[Short descriptive text snippets]
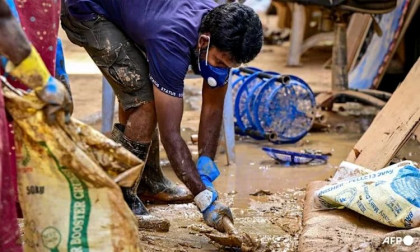 Rains hamper Sri Lanka cleanup after deadly floods 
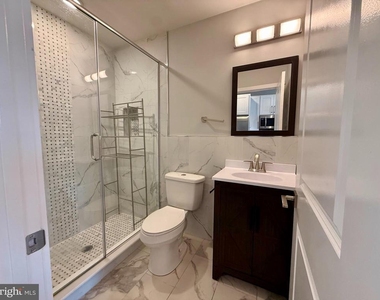 2425 Frankford Avenue - Photo Thumbnail 6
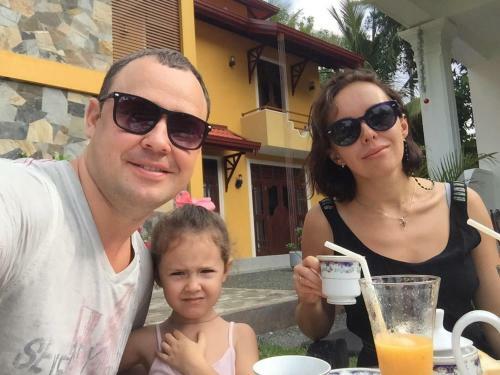 Hostal Villa De White Sambur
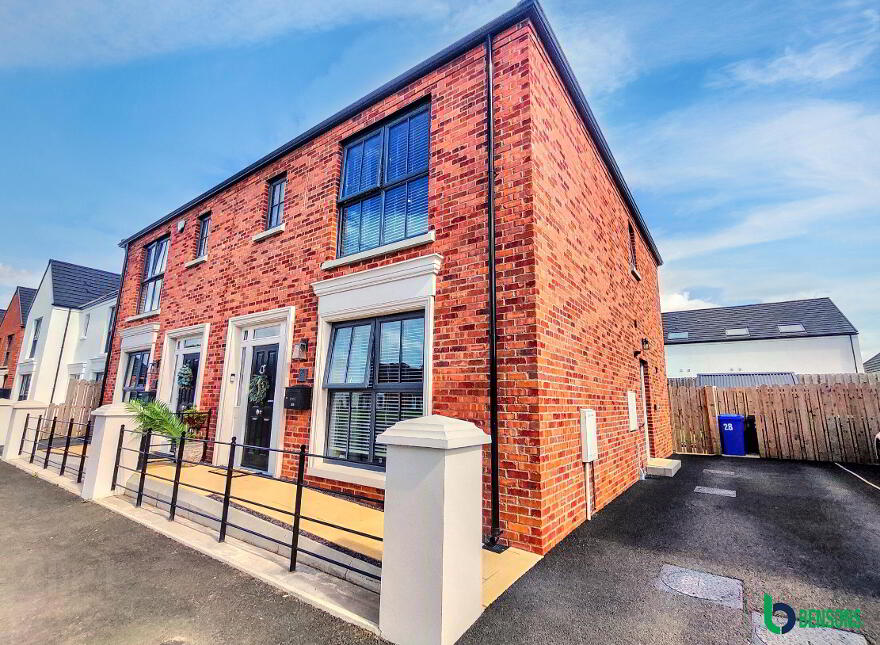 28 Earls Gate Square, Mountsandel Road, Coleraine, BT52 1FQ photo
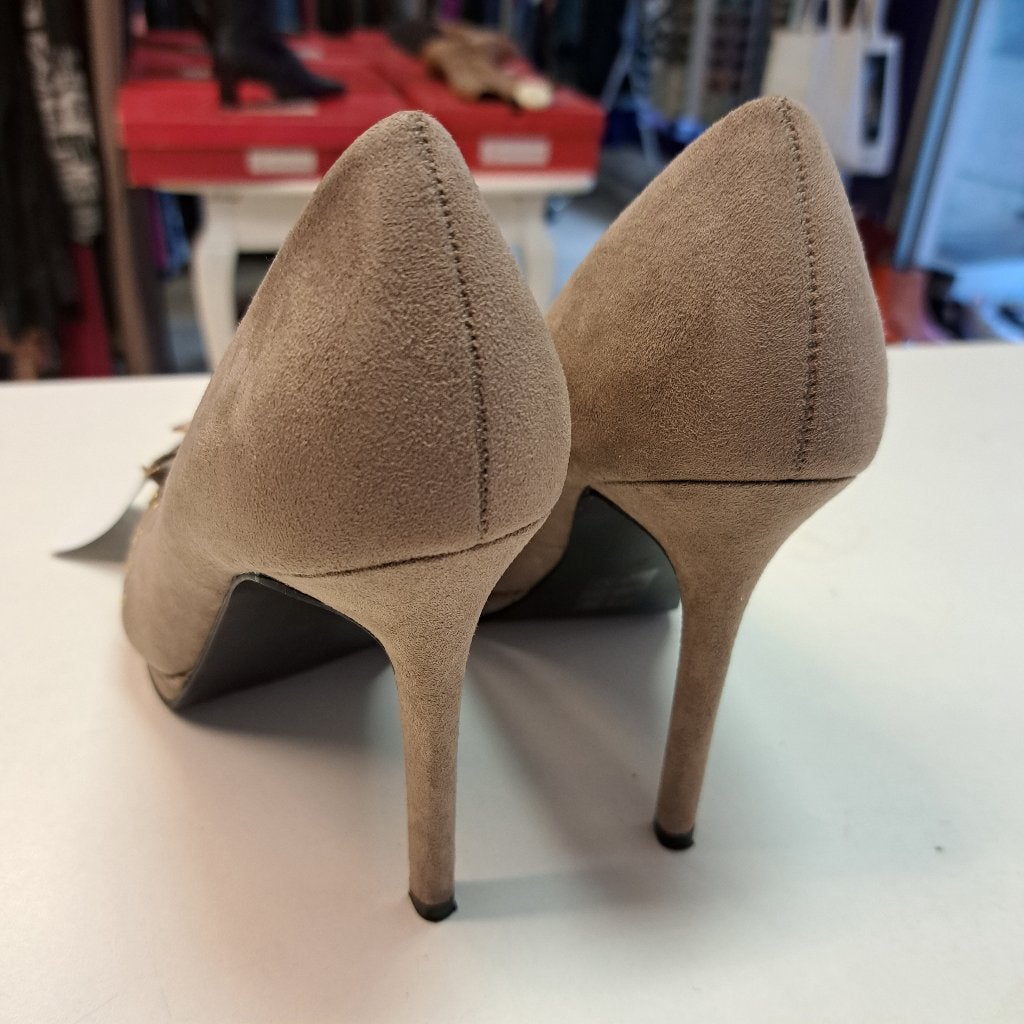 Roccobarocco pumps grijs taupe + gouden studs 36 zgan 43781, Roccobarocco, Pumps, ., Zo goed als nieuw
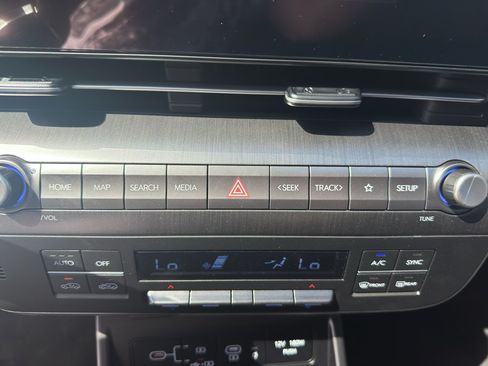 New 2026 Hyundai Kona SEL Premium FWD image 21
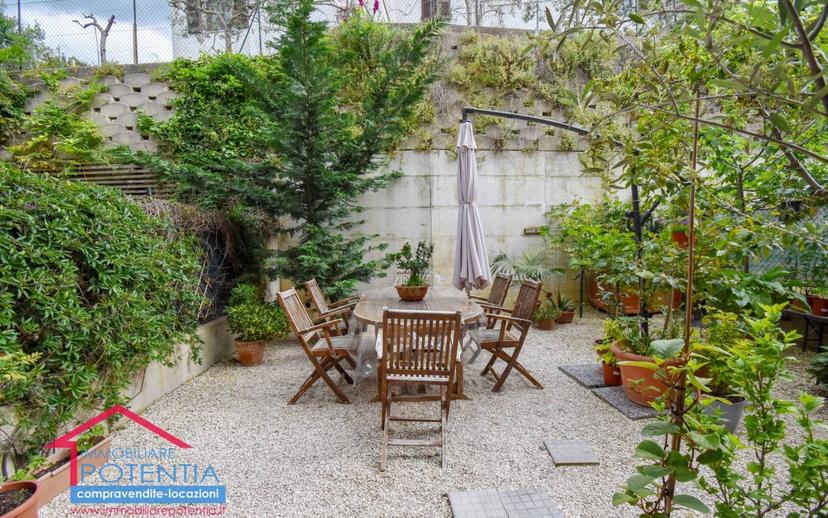 Trilocale ottimo stato, piano rialzato, Potenza Picena — foto 22 di 23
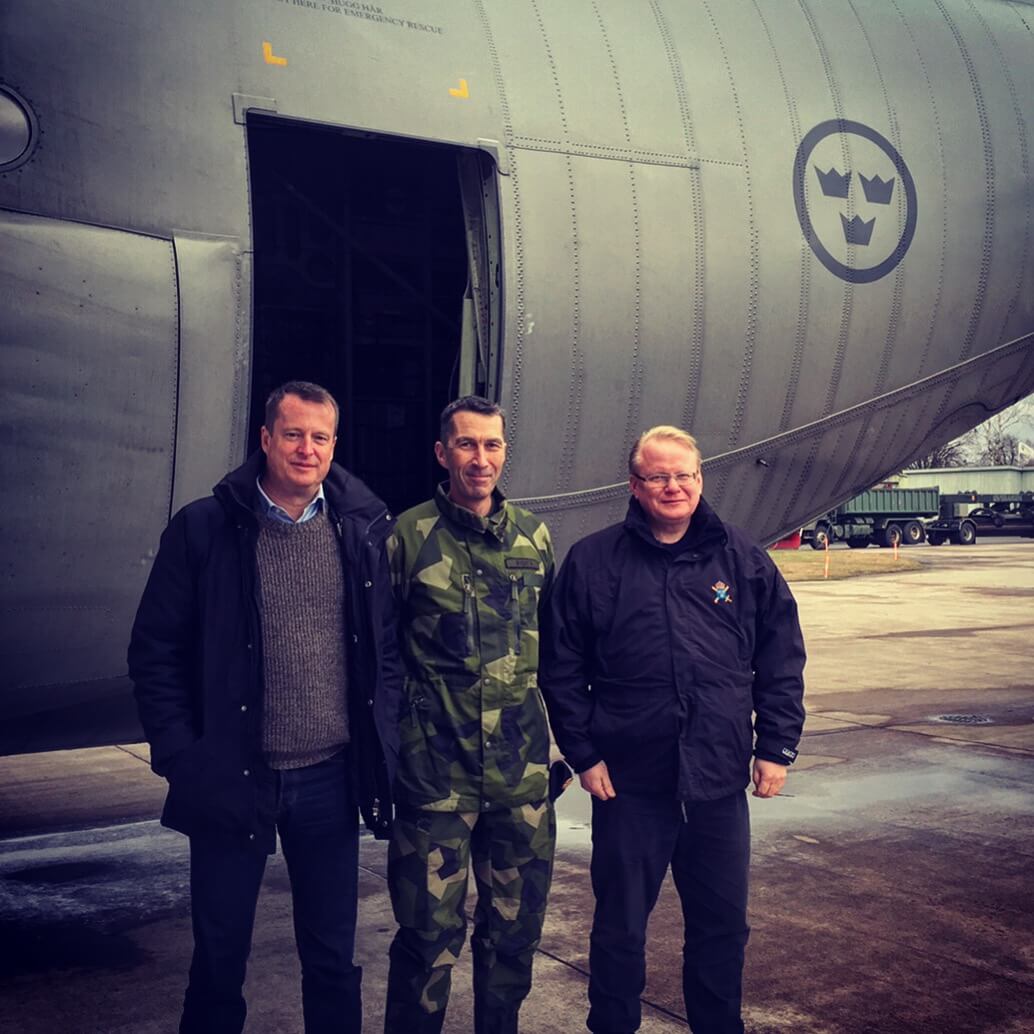 Anders Ygeman var i Karlsborg och träffade försvarsministern och ÖB. Han flög hem i ett Hercules-plan. 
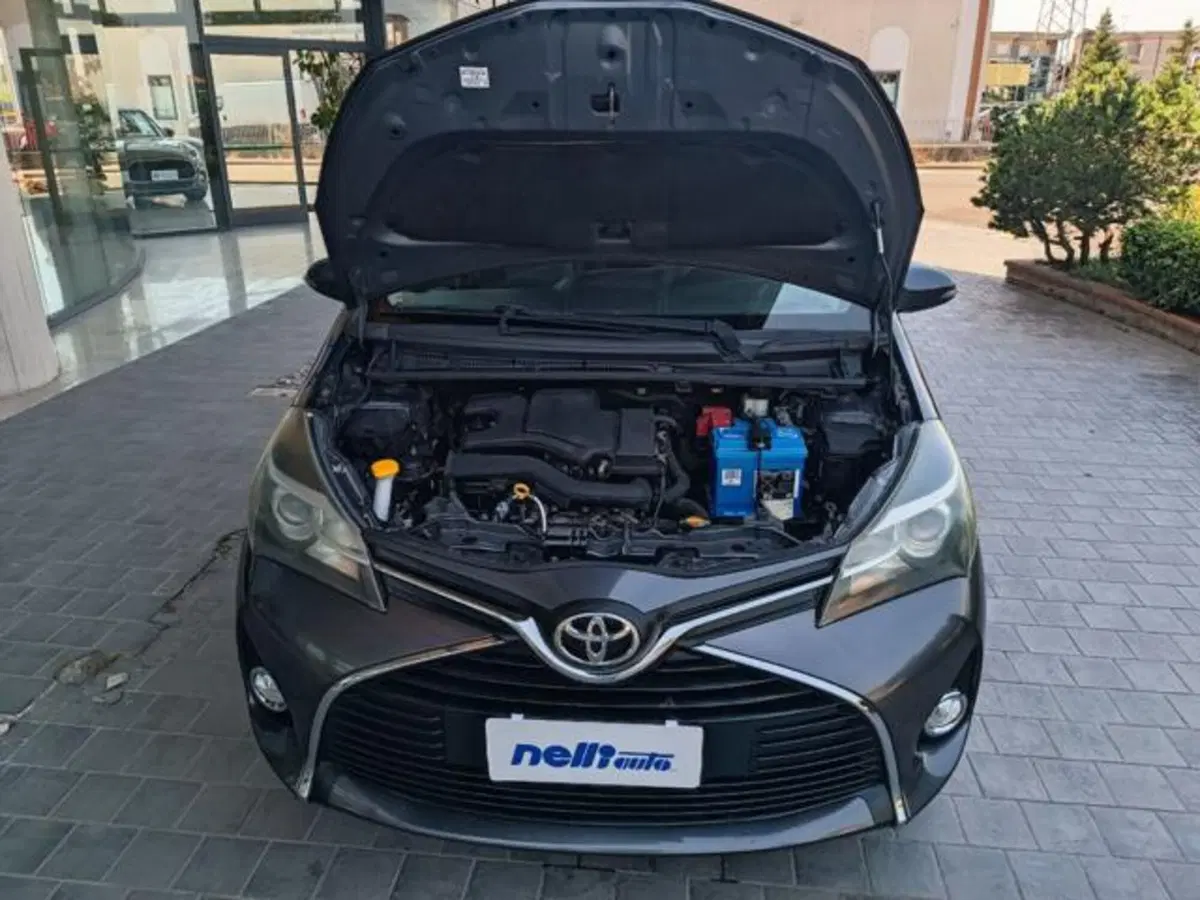 Toyota Yaris usata a Pisa (9)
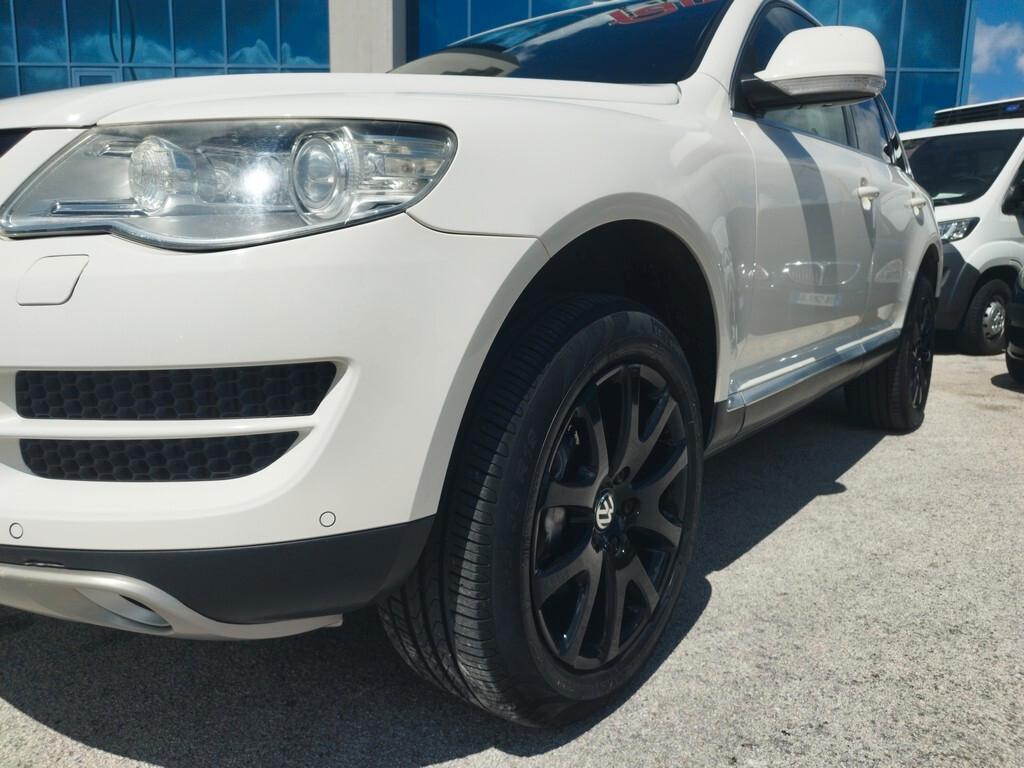 Volkswagen Touareg 3.0/240CV V6 TDI DPF tip. Executive
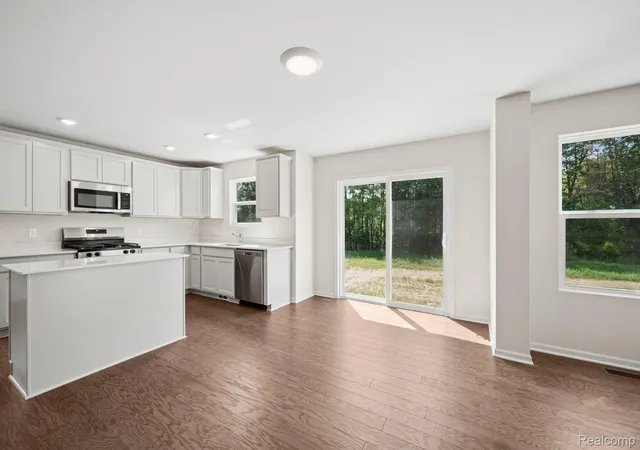 Photo 4 of Single family home for sale at 423 Hidden River W, Holly, MI 48442 | MLS# 20261065623 | Listing updated on 2026-10-30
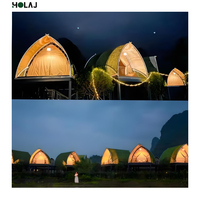 Tente de glamping hôtelière 4x6m isolée thermiquement en PVC pour projet de complexe hôtelier en plantagéne de thé en pente et village d'éco-tourisme en montagne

• PROBLEM DETAILS: Each line of the data above should be reproduced without alteration, and no picture should appear in the copy.

• PROBLEM SOLUTION:
 Rains hamper Sri Lanka cleanup after deadly floods 
 2425 Frankford Avenue - Photo Thumbnail 6
 Hostal Villa De White Sambur
 28 Earls Gate Square, Mountsandel Road, Coleraine, BT52 1FQ photo
 Roccobarocco pumps grijs taupe + gouden studs 36 zgan 43781, Roccobarocco, Pumps, ., Zo goed als nieuw
 New 2026 Hyundai Kona SEL Premium FWD image 21
 Trilocale ottimo stato, piano rialzato, Potenza Picena — foto 22 di 23
 Anders Ygeman var i Karlsborg och träffade försvarsministern och ÖB. Han flög hem i ett Hercules-plan. 
 Toyota Yaris usata a Pisa (9)
 Volkswagen Touareg 3.0/240CV V6 TDI DPF tip. Executive
 Photo 4 of Single family home for sale at 423 Hidden River W, Holly, MI 48442 | MLS# 20261065623 | Listing updated on 2026-10-30
 Tente de glamping hôtelière 4x6m isolée thermiquement en PVC pour projet de complexe hôtelier en plantagéne de thé en pente et village d'éco-tourisme en montagne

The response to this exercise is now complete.